Of course, a William Dalrymple or a Vikram Seth will get the bigger crowds and more applause, but then you just may run into a little-known writer you’ve never heard of but are now enthralled by, and makes you curious about what they have written and why. That joy of discovering your own personal writer, a writer who seems to have written a book just for you, is unparalleled. Of course, you continue your marriage with Dalrymple or Seth (sometimes bigamous with both), but you have begun to get crushes on others now. Go on, cheat a bit. Leave your favourite authors for a spot of literary infidelity.
The secret sauce is honesty. On stage with a timer facing them, authors go into heart-to-heart no-holds-barred mode. We know what they are thinking right now right here on this topic or that. We may have feared grandstanding but what we get is measured thought, the airing of innermost feelings, secrets. Someone may play to the gallery now and then, or the moderators will out-talk the person they interview, but the moments bathed in light at a lit fest are those when you discover a kindred soul. Oh my God, you go, he is saying what I was going to think. Fluency is a drug.
Smita Tharoor, host of the podcast ‘Stories Seldom Told’, says: “Lit fests are one of the few safe places we have left where discourse and debate can flourish. From long conversations on stage or ones I conduct on my podcast—now nearly six years old—I’ve learned that honesty thrives when people aren’t rushed or judged. Public spaces don’t need less disagreement; they need more patience, enquiry, and the space to let someone finish a thought.”
And, oh, the drama! Sometimes, at lit fests, historical moments are played out right before your eyes. During one Bangalore Literature Festival session long ago, when late Girish Karnad and Arun Shourie went up against each other like boys fighting on a playground in a session on freedom of speech in 2014, moderator Arshia Sattar nobly and ably brought about order on stage. Now and then political conversations can even lead to defamation lawsuits, as some speakers find out. But where else can the Left and the Right come together?
It is the magic of being out in the open under a starry sky and listening to unshackled and unhurried words. Words going up like quiet fireworks in your bloodstream, rewiring your brain. The publishing industry turns transparent right before our eyes. How are books made, why are they written, who has written what… Titles and covers, translations and editing, short stories and novels, fiction and nonfiction.
Folklore dances and ditties sing. Stories come alive. We were put to sleep as kids with lullabies and little yarns; it is in our blood, this need to be soothed with fiction. At the Scottish International Storytelling Festival last year, Mimesis Heidi Dahlsveen, an associate professor in oral storytelling from Norway, blew minds with what she called a story that was going to be a little vulgar. I’ve never been more entertained.
One day in the future it is true that the statue of a bespectacled man reading a book will be in a glass cage next to the one with a caveman inventing the wheel, but until that time there are literature festivals bursting open in every nook and cranny of the nation. Called forth by the imagination of future readers.

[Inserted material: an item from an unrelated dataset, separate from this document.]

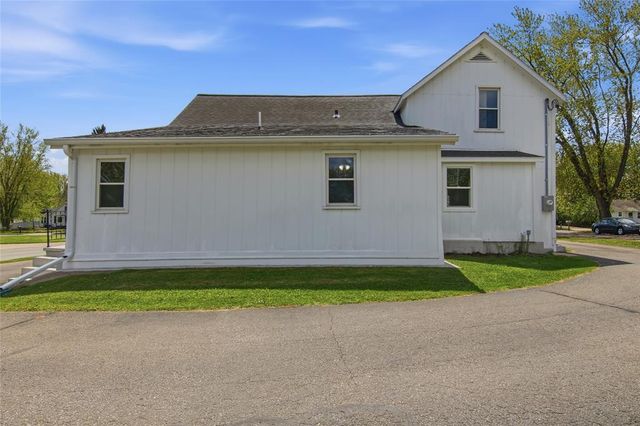 2210 Vine Street, Eau Claire, WI 54703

Lit fests are defined by their audience. Organisers, speakers, curators are all replaceable but not the readers, not the audience. So do go to the next lit fest in your town. When your eyes meet an author’s eye across a crowded lawn, the world stands still—you fall in love with a book. You can queue up to get a book signed, so what if the author has, in a hurry, signed it to ‘Rasi’ and your name is a numerologically corrected Raashheey. You have the perfect gift for a Rasi if you ever meet one.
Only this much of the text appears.